PROBLEM TO SOLVE =>
All lines from the one containing "Monster Jam Megalodon" through the end of the material below are to be printed exactly, both ends included, minus pictures.
- Opening Delimiter -
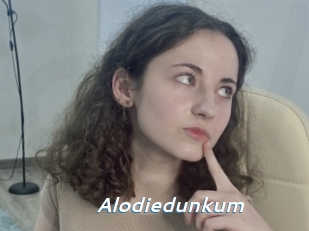 Alodiedunkum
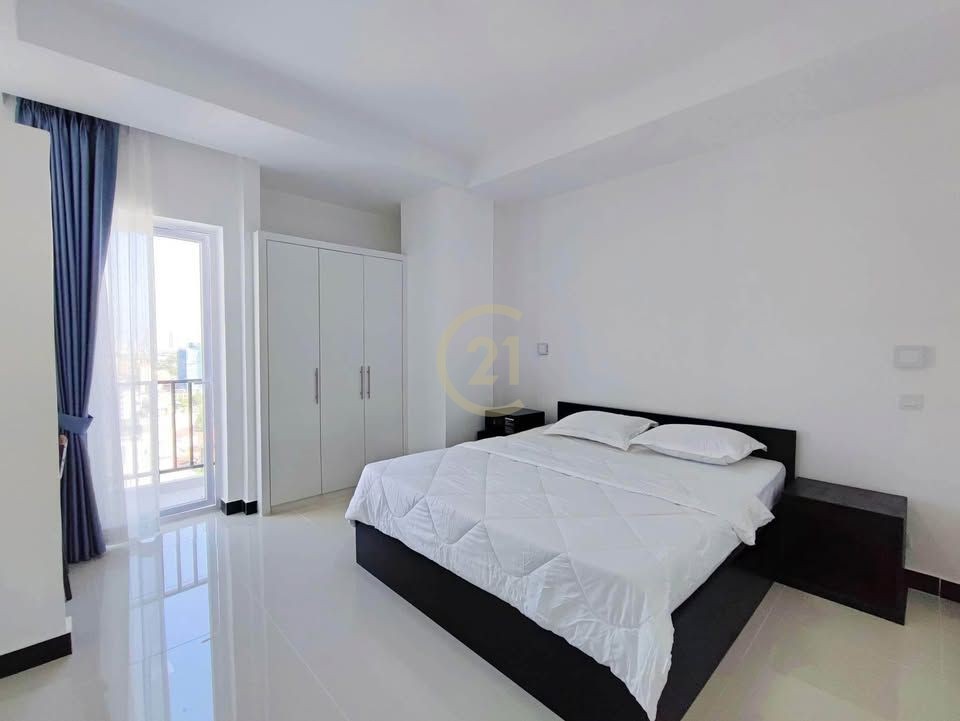 Luxury One Bedroom For Rent At Tonle Bassac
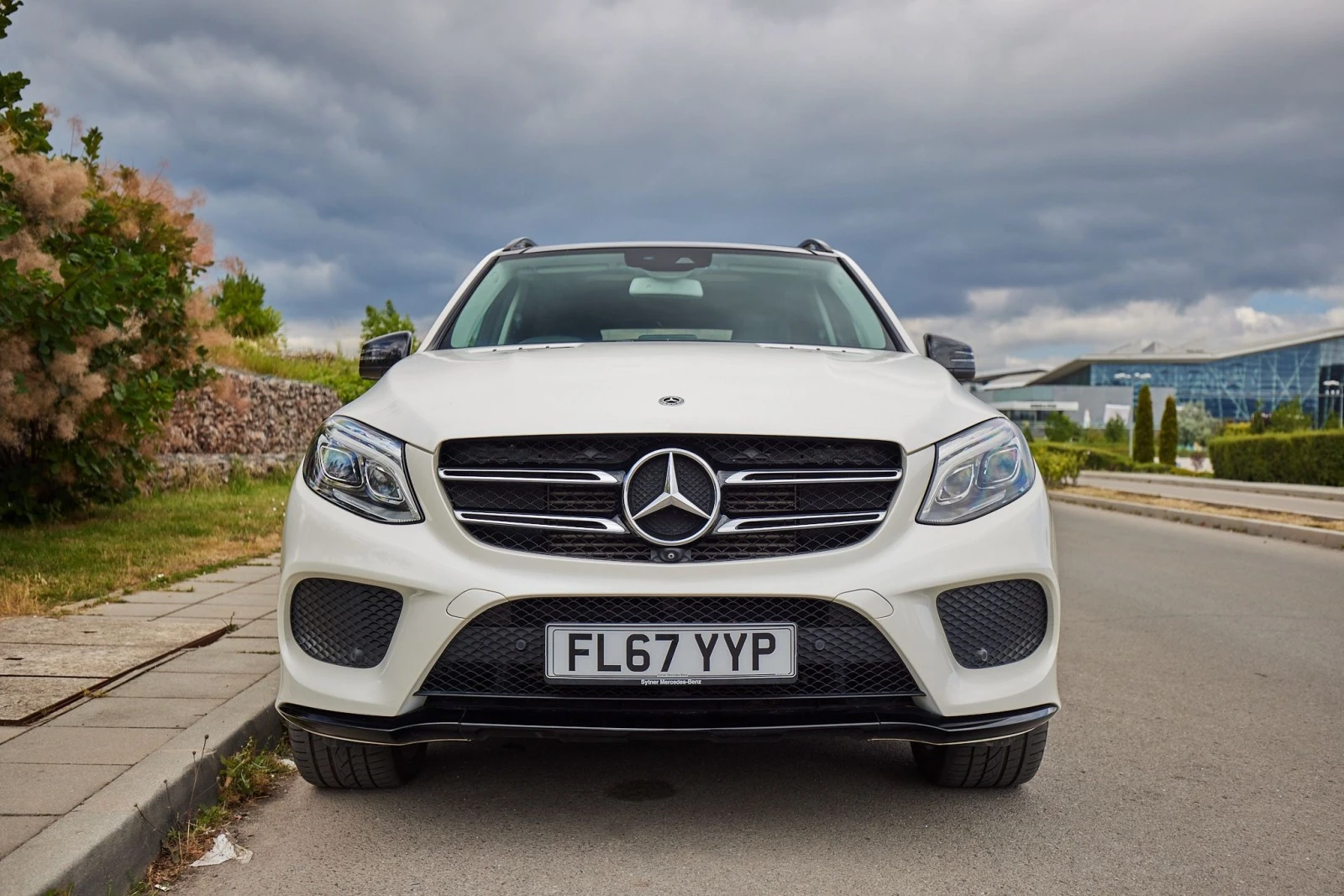 Mercedes-Benz GLE 250 4 WD - изображение 2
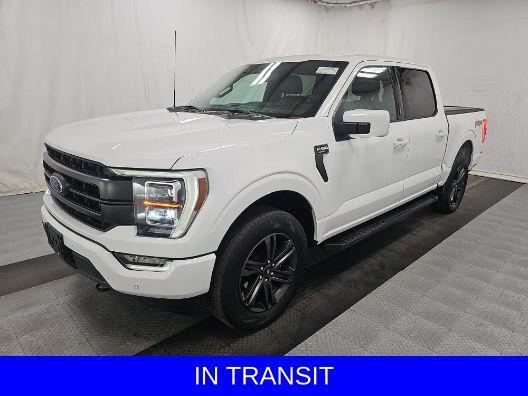 used 2022 Ford F-150 car, priced at $36,936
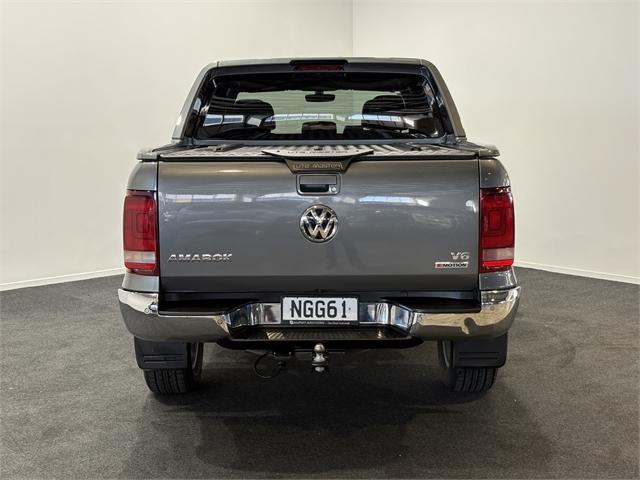 image-5, 2021 Volkswagen Amarok at Invercargill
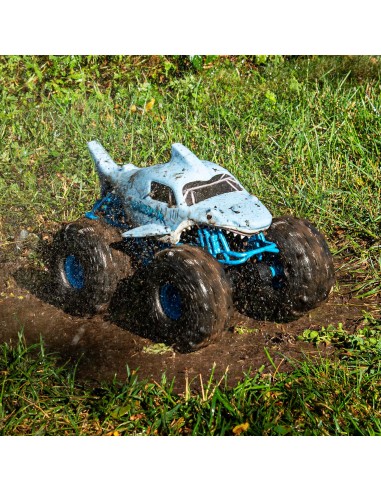 Monster Jam Megalodon Storm RC 6056227 MONSTER JAM SPIN MASTER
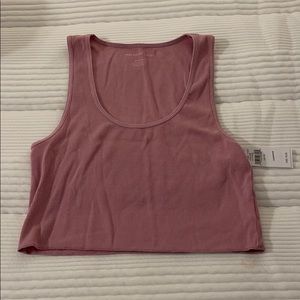 American eagle crop top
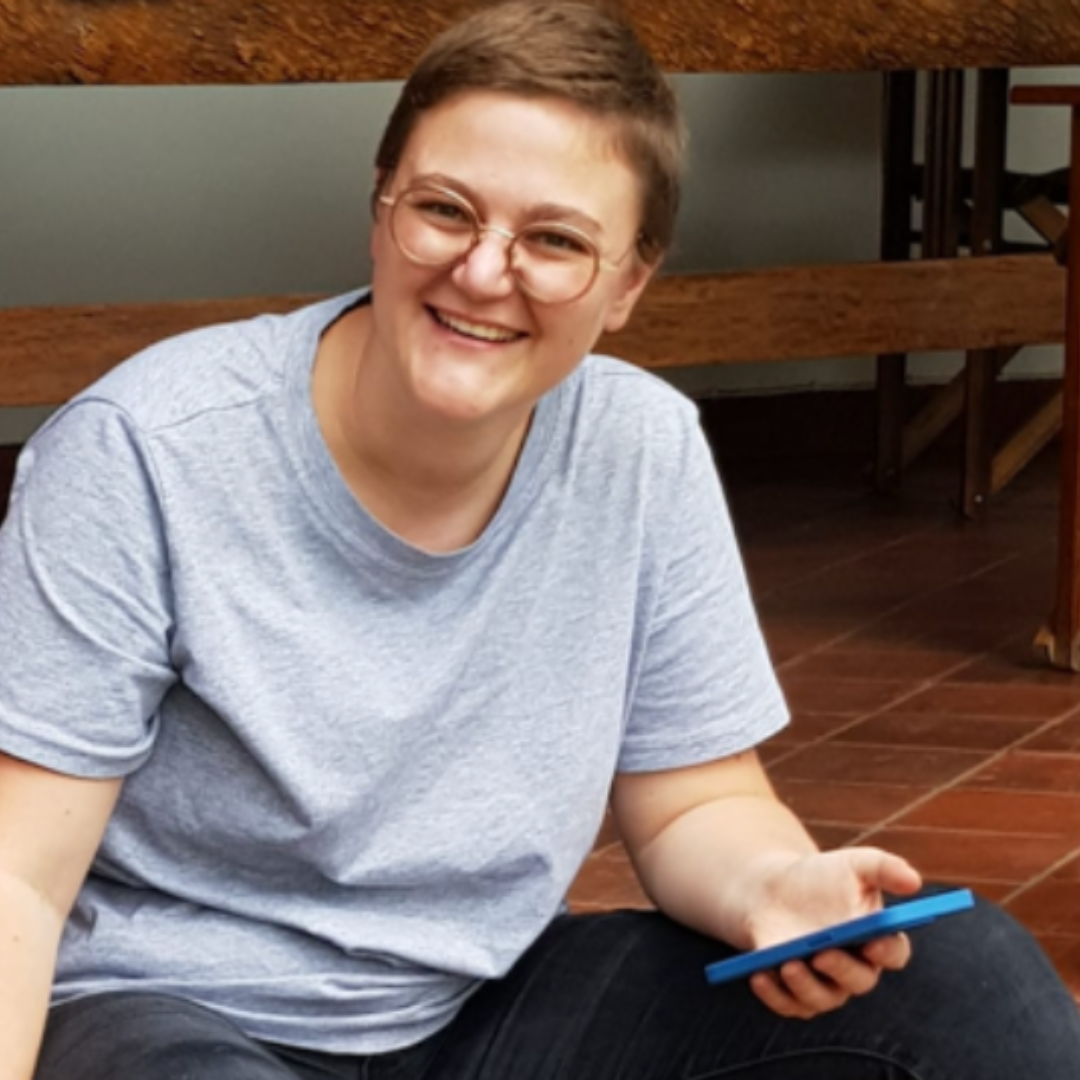 Portrait de Zoé Ganz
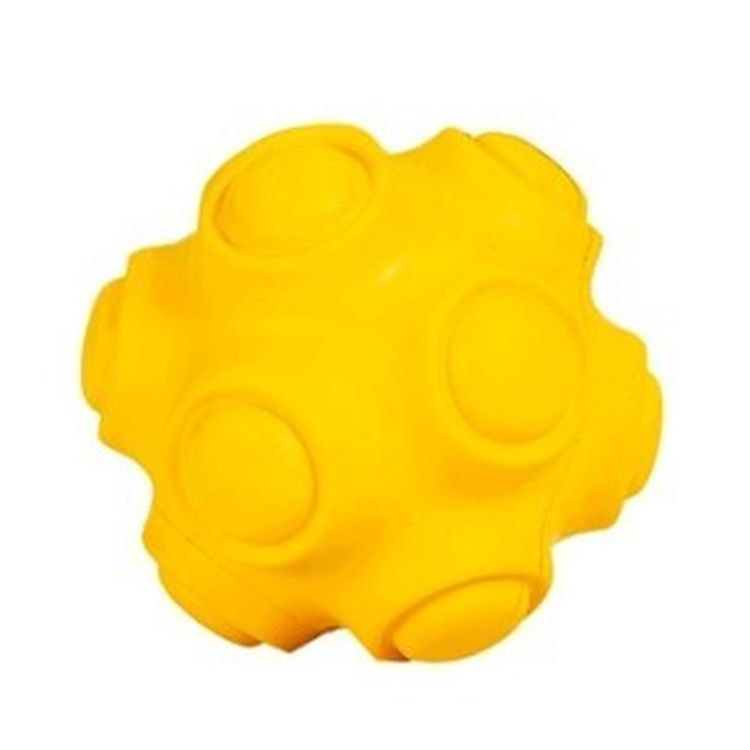 FREEDOG perro juguete pelota Rivet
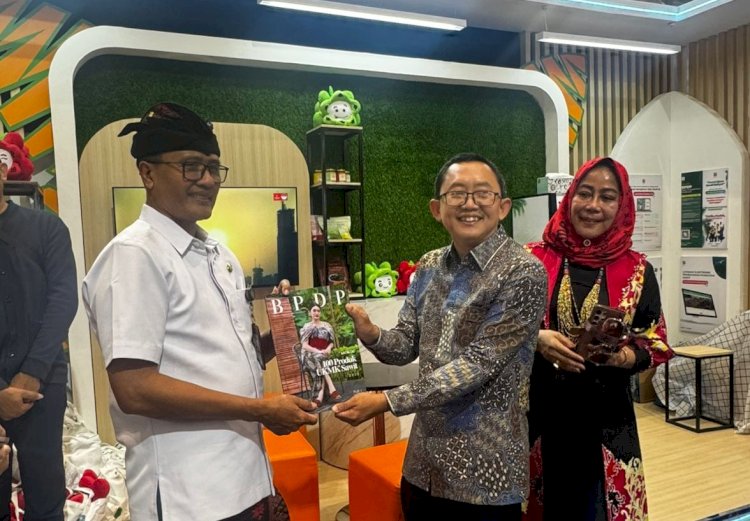 BPDP Raih Penghargaan Inovasi dan Kreatif pada Indokraf Expo 2025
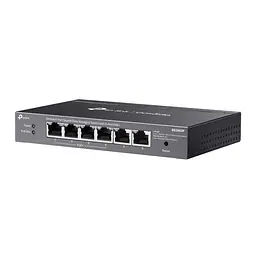Комутатор, ES206GP TP-LINK - мініатюра 3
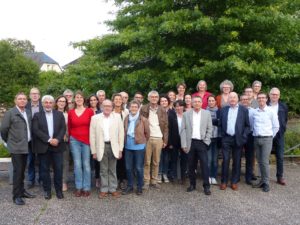 Conseil Municipal @ Espace Aimé Moron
- Closing Delimiter -
FINISHED EXERCISE =>
 Monster Jam Megalodon Storm RC 6056227 MONSTER JAM SPIN MASTER
 American eagle crop top
 Portrait de Zoé Ganz
 FREEDOG perro juguete pelota Rivet
 BPDP Raih Penghargaan Inovasi dan Kreatif pada Indokraf Expo 2025
Комутатор, ES206GP TP-LINK - мініатюра 3
 Conseil Municipal @ Espace Aimé Moron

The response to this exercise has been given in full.